It will be a blockbuster case, with the justices revisiting an issue that still deeply divides the country some 50 years after the landmark opinion, and with a ruling potentially coming in the middle of the 2022 midterm elections.
The case will thrust the court — with a 6-3 conservative majority — directly into the culture wars at a time when states across the country are attempting to pass more restrictive measures.
“This will be, by far, the most important abortion case the Court will have heard since the Casey decision in 1992,” said Steve Vladeck, CNN Supreme Court analyst and professor at the University of Texas School of Law. “If states are allowed to effectively ban abortions after the 15th week of pregnancy, as the Mississippi law in this case does, then pregnant women would have a far shorter window in which they could lawfully obtain an abortion than what Roe and Casey currently require.”
“Alarm bells are ringing loudly about the threat to reproductive rights,” Nancy Northup, president and CEO of the Center for Reproductive Rights, the group challenging Mississippi over the law in court, said in a statement Monday. “The Supreme Court just agreed to review an abortion ban that unquestionably violates nearly 50 years of Supreme Court precedent and is a test case to overturn Roe v. Wade.”
CNN has reached out to the Mississippi attorney general for comment.

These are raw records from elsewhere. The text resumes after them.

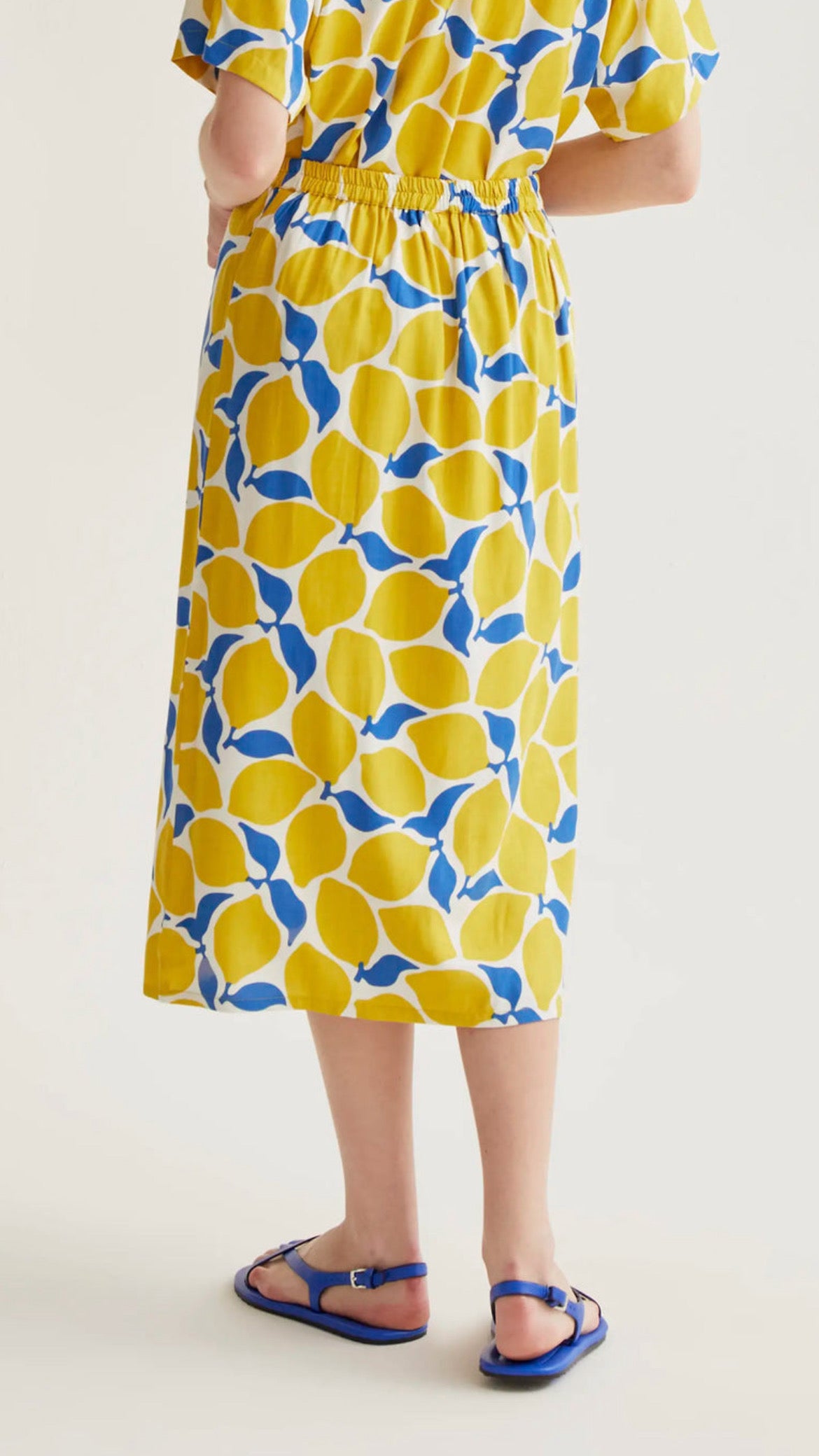 Falda midi con estampado Limoncello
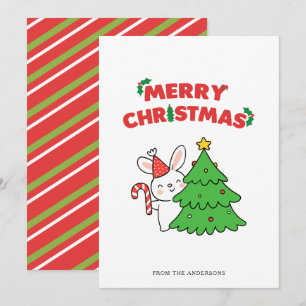 Cute Christmas Bunny Rabbit Cartoon Holiday Card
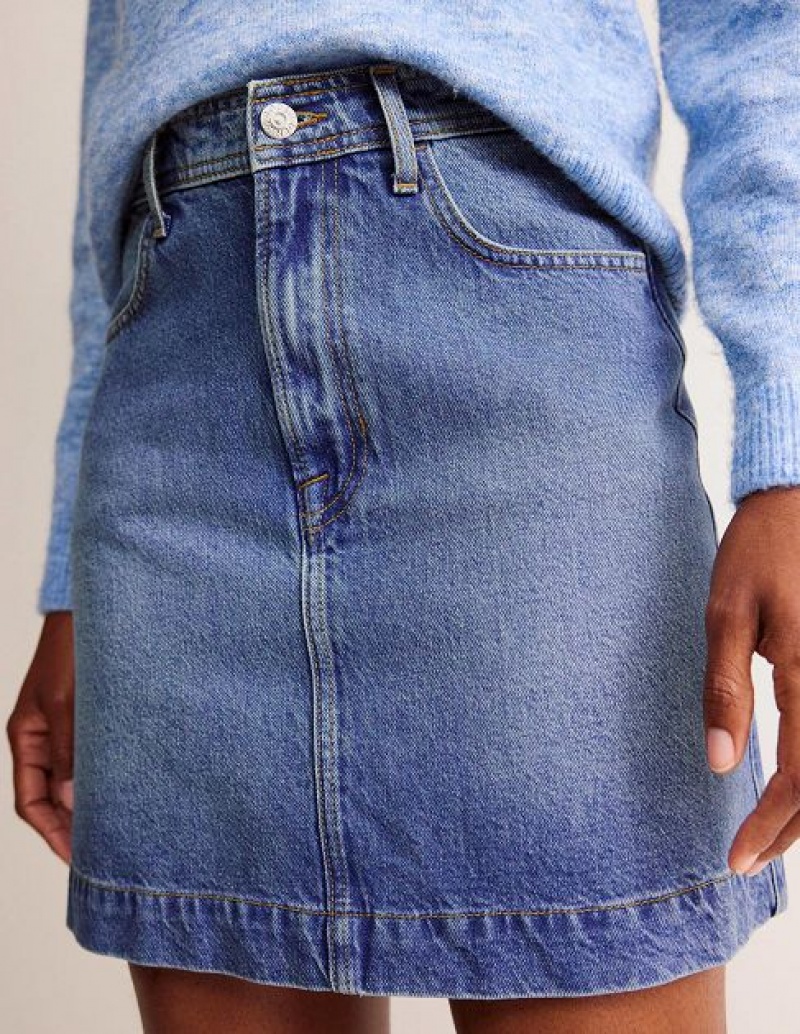 Blue Women's Boden Nell Denim Skirts | 07832POGT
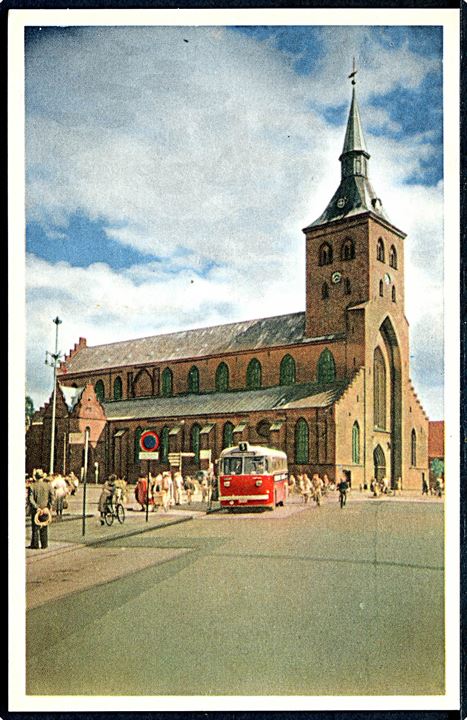 Odense, Sct. Knuds kirke med rutebil. Stenders no. 23.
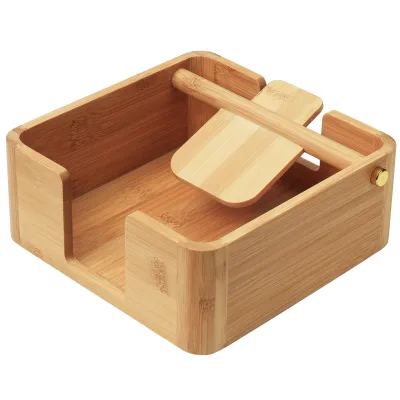 Natural Bamboo Napkin Holder for Table,Custom Bamboo Wood Napkin Decorative Dispenser Stand for Kitchen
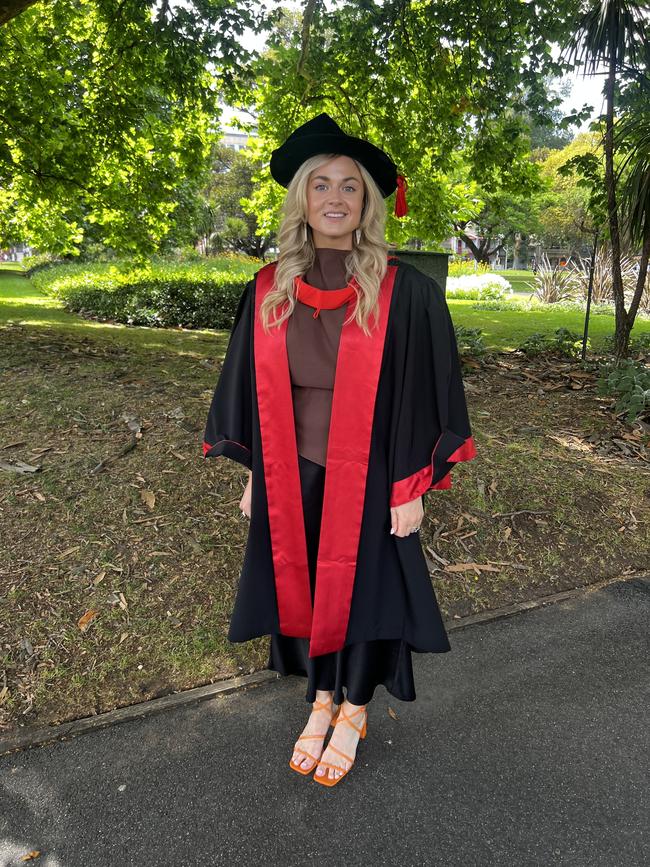 Dr Georgina Johnson (PhD in Childhood Stuttering Research) at the University of Melbourne graduations held at the Royal Exhibition Building on Tuesday, December 17, 2024. Picture: Jack Colantuono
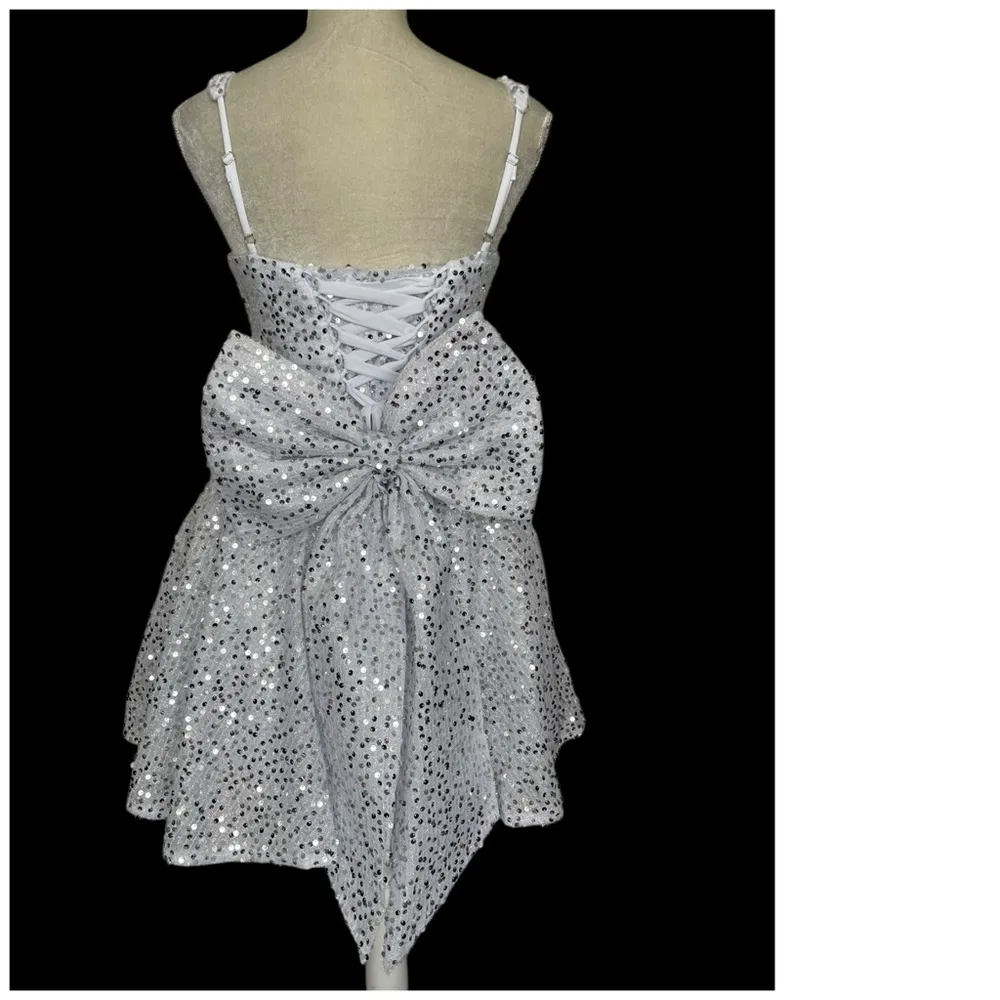 Sparkle Silver Sequined Prom Special Occasion Dress Women’s Size 2 Fit & Flare Blue - Image 4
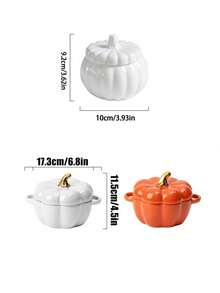 1 szt. ceramiczny słoik na cukierki w kształcie dyni na Halloween, pojemnik na ciasteczka z orzechami i dynią, słoik do przechowywania czekolady i orzechów, odpowiedni do dekoracji świątecznych na Halloween, słoik do przechowywania cukierków w kuchni i jadalni, miska na przyprawy, miska na krem jajeczny, prezent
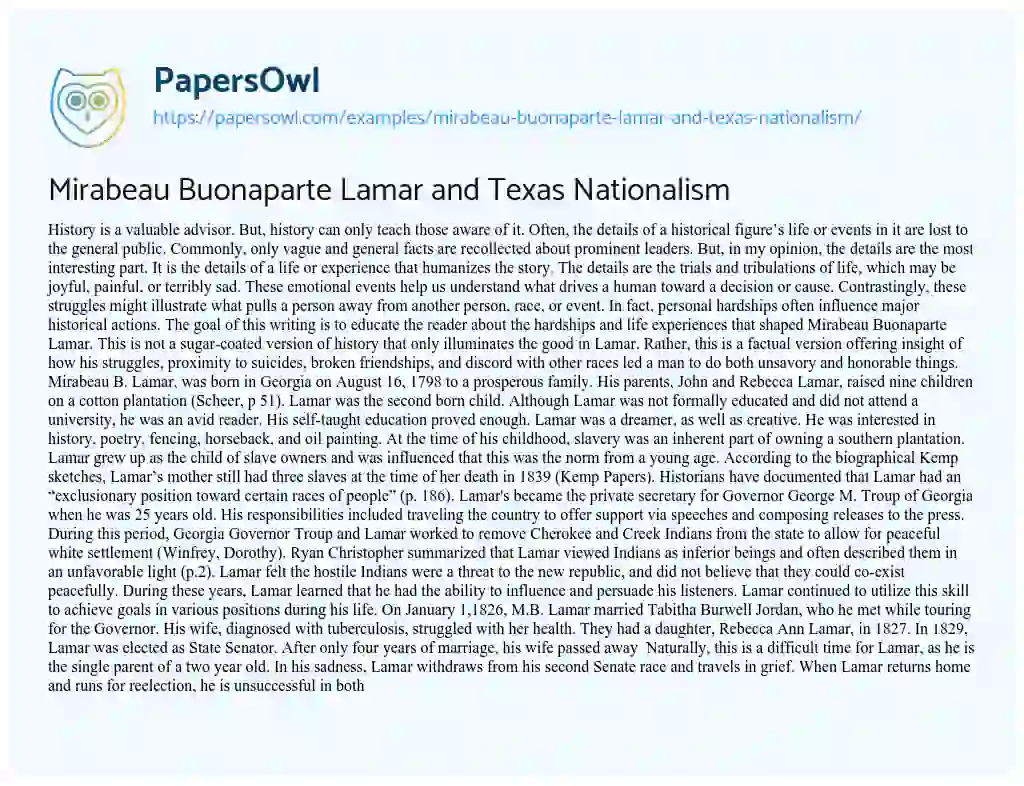 Mirabeau Buonaparte Lamar and Texas Nationalism essay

Anti-abortion groups cheered the court’s move, with the March for Life asserting, “States should be allowed to craft laws that are in line with both public opinion on this issue as well as basic human compassion, instead of the extreme policy that Roe imposed.”
“This is a landmark opportunity for the Supreme Court to recognize the right of states to protect unborn children from the horrors of painful late-term abortions,” said SBA List President Marjorie Dannenfelser, pointing to the slew of state-level abortion restrictions introduced this year “aimed at humanizing our laws and challenging the radical status quo imposed by Roe.”
Debate over Mississippi law and ‘viability’
The case at hand is a request from Mississippi’s attorney general to review a lower court opinion that held that the state’s law violated Roe.
“States may regulate abortion procedures prior to viability so long as they do not impose an undue burden on the woman’s right, but they may not ban abortions,” the appeals court wrote, concluding that “the law at issue is a ban.”
“This case remains an ideal vehicle to promptly resolve both that question and the first question presented — the contradictions in this Court’s decisions over use of ‘viability’ as a bright line for measuring pro-life legislation,” Fitch wrote.
Hillary Schneller, a senior staff attorney arguing the case for the Center for Reproductive Rights, told CNN last week that the court deciding to take the case would mark “a direct challenge to Roe V. Wade.”
“It will be the first abortion ban the court has reviewed since that ruling in Roe,” she continued, “and really puts the question squarely in front of the court as to whether they will stand by decades of this not only core precedent, but really, you know, core decision holding that it is for each person to decide… whether to continue a pregnancy before viability, you know, to really have these fundamental decisions in the hands of the individual and not in hands of the government.”
Mary Ziegler, a law professor at Florida State University and the author of “Abortion and the Law in America: Roe v. Wade to the Present,” told CNN last week that the court taking up the case could result in overturning Roe, but it could also get rid of viability as the point at which states can ban abortion.
“In different ways, a lot of the different major abortion restrictions we see floating around now are all targeting viability,” Ziegler said. “And that would be a big deal because if it’s not viability, then the question is, is there any other dividing line, or is it just sort of a free-for-all where it’s not clear what kind of restrictions the courts are going to allow, and if it’s going to allow them earlier and earlier in pregnancy.”
This story has been updated with additional reaction and background information.